Besucherzentrum Giant Causeway/IE

Der Damm des Riesen
Besucherzentrum Giant‘s Causeway/IE

Das Giant‘s Causeway Besucherzentrum von Heneghan Peng Architects aus Dublin ist eine Faltung in der saftig-grünen Landschaft Nordirlands. Es wird nur durch seine massiven, schwarzen Steinsäulen, die aus dem Boden wachsen und sich gegen den Himmel strecken, als Bauwerk erkennbar.

Lage

Das Besucherzentrum liegt an der Grenze zum Giant’s Causeway – dem „Damm des Riesen” – einem UNESCO Weltnaturerbe an der nördlichen Küste des Countys Antrim in Nordirland, ungefähr 80 km von Belfast entfernt. Die Küstenformation wurde aufgrund ihrer rund 40 000 gleichmäßig geformten Basaltsäulen mit einem geschätzten Alter von ca. 60 Mio. Jahren unter Schutz gestellt. Etwa die Hälfte der Basaltsäulen besitzt einen sechseckigen Querschnitt, wobei auch vier-, fünf-, sieben- oder achteckige Varianten auftreten. Der Giant’s Causeway führt etwa 5 km an den Klippen entlang, bevor er ins Meer eintaucht.

Zwei Faltungen

Das Besucherzentrum wurde so verortet, dass es mit der umgebenden Landschaft verschmilzt. Während es von der Küste aus im Damm verborgen liegt, wächst es auf der Landseite deutlich sichtbar als dunkle Masse aus dem Erdreich. Das Gebäude selbst ist nur Teil eines umfangreichen Projekts, bei dem es darum ging, die Zufahrtsstraße und den Parkplatz, die Straße und Haltestelle für den Bus, den Küstenweg und die Ausstellungsräumlichkeiten des Besucherzentrums zu organisieren. Das Ganze war in erster Linie ein Landschafts­projekt.

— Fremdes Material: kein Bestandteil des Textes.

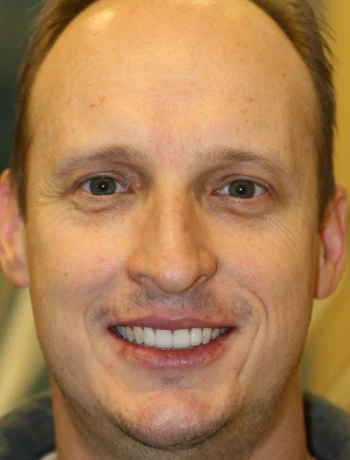 Close-up of a smiling man with light skin, short brown hair, and green eyes.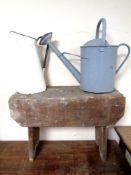 A rustic pine stool together with an enamelled jug and watering can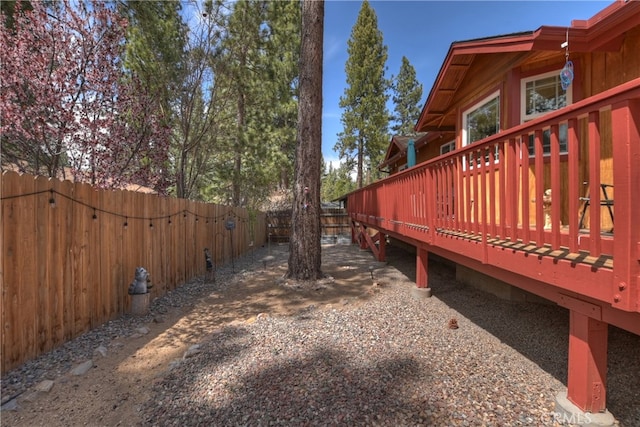 view of yard with fence and a wooden deck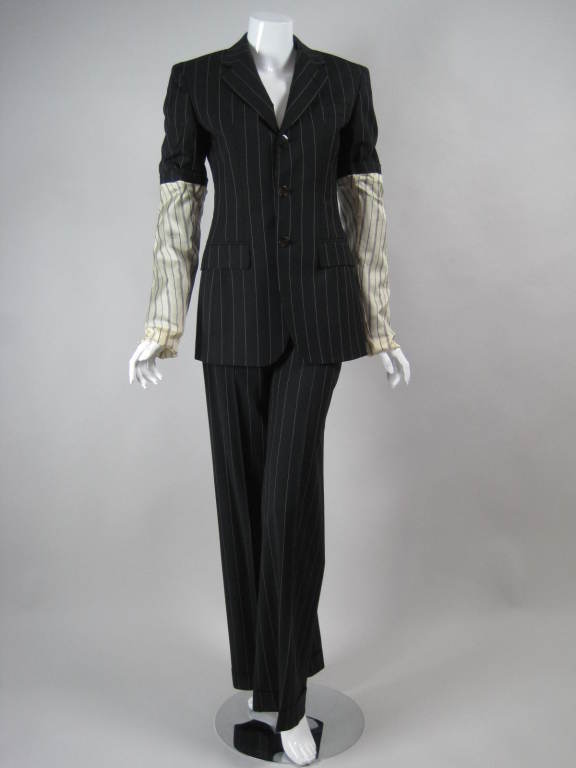 Two-piece trouser suit from Jean Paul Gaultier circa 1990's is made out of black pinstriped wool gabardine.  Single-breasted blazer has exaggerated turned back sleeve that exposes beige lining past the elbows.  Trousers have zip closure, flat front,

Beinahe alle Besucher kommen mit dem Auto. Die Frage nach der Unterbringung und Organisation der vielen Parkplätze wurde daher zur Priorität der Architekten. Sie wollten unter keinen Umständen ein Bauwerk, das von Parkplätzen eingeschnürt wird. Die Lösung, die sie vorstellten, war ebenso einfach wie genial: zwei Faltungen in der Landschaft, die das Ensemble organisieren.

Die eine hebt sich nach oben und schafft damit den Raum für das eigentliche Besucherzentrum. Die andere senkt sich nach unten und schafft eine Ebene für den Parkplatz, der dadurch dem unmittelbaren Blickfeld des Besuchers entzogen wird. Zwischen diesen beiden Faltungen führt eine breite Grasrampe die Gebäudefassade entlang hoch zum Damm. Dadurch wird die Aufmerksamkeit des Besuchers auf den Damm und nicht die Parkplätze gelenkt.

Geometrie

Das Ensemble ist streng entlang zweier Linien organisiert: die erste verläuft parallel zur Wasserkante während die zweite eine gedankliche Verbindung zwischen dem Giant‘s Causeway und dem benachbarten Bahnhofsgebäude darstellt.

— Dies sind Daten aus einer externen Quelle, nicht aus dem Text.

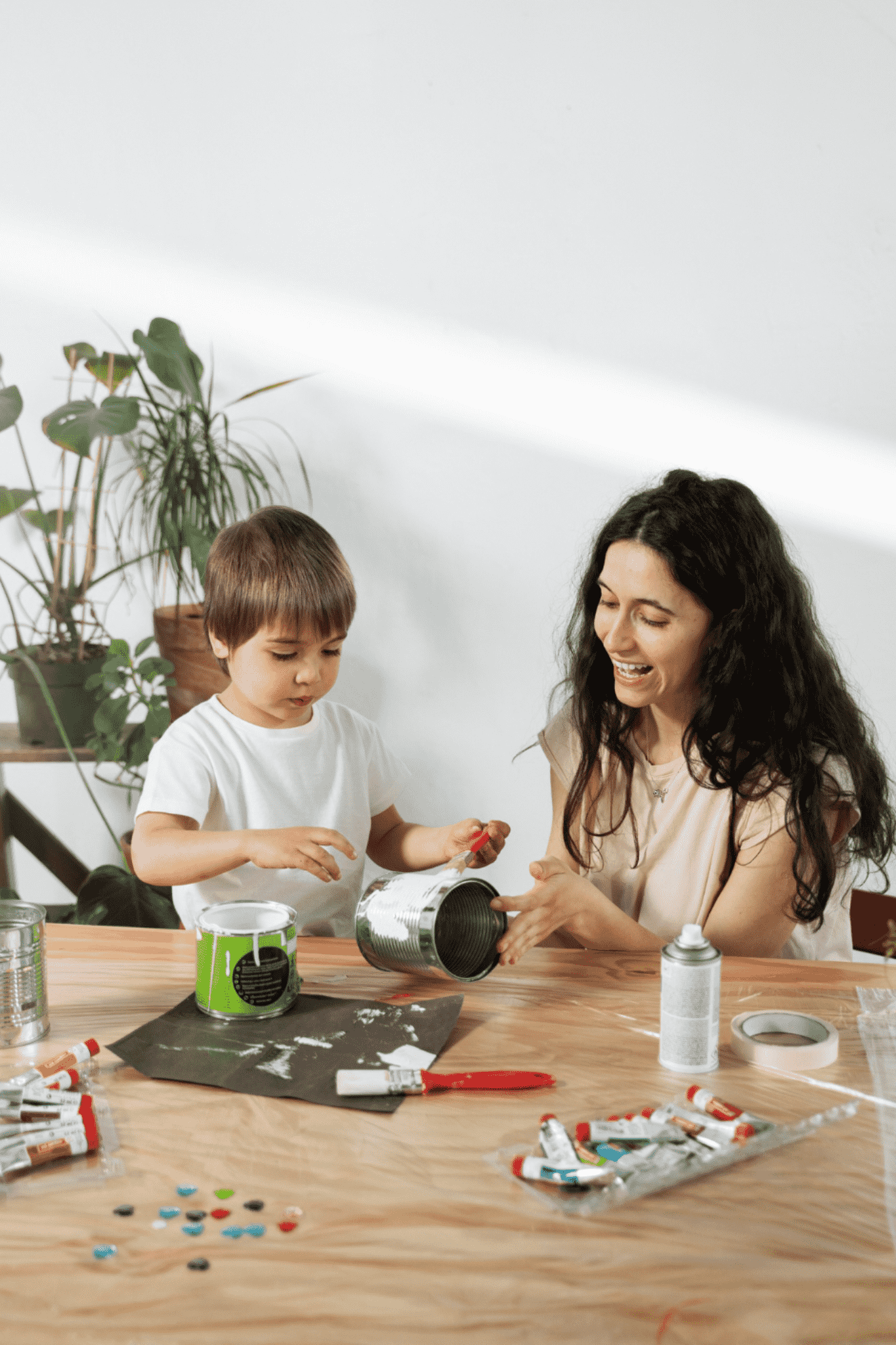 mom showing kid how reuse materials creative ways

Die strenge Geometrie begründet Róisín Heneghan, Mitbegründerin von Heneghan Peng Architects, damit, dass das Besucherzentrum einen klaren, wenn auch zurückhaltenden Eingriff des Menschen in die bestehende Landschaft darstellen sollte. Ebenso entspricht die Geometrie der Anlage dem vom Menschen bearbeiteten Basaltstein mit seinen harten, scharfen Kanten. Nicht zuletzt sind die Edelstahlgeländer auf den Dachflächen deutliches Zeichen einer menschlichen Intervention.

Die zwei Linien halfen den Architekten, das neue Besucherzentrum zwischen den bereits existierenden, heterogenen Strukturen – bestehend aus einem Hotel, einem Restaurant sowie der nahe gelegenen Schule – zu organisieren und damit ein Ruhe ausstrahlendes Objekt einzufügen. Die von Heneghan Peng Architects vorgestellte Lösung und das Eingraben der Parkplätze in den ursprünglichen Hang implizierte neben den umfangreichen Erdarbeiten auch sehr viel Überzeugungsarbeit.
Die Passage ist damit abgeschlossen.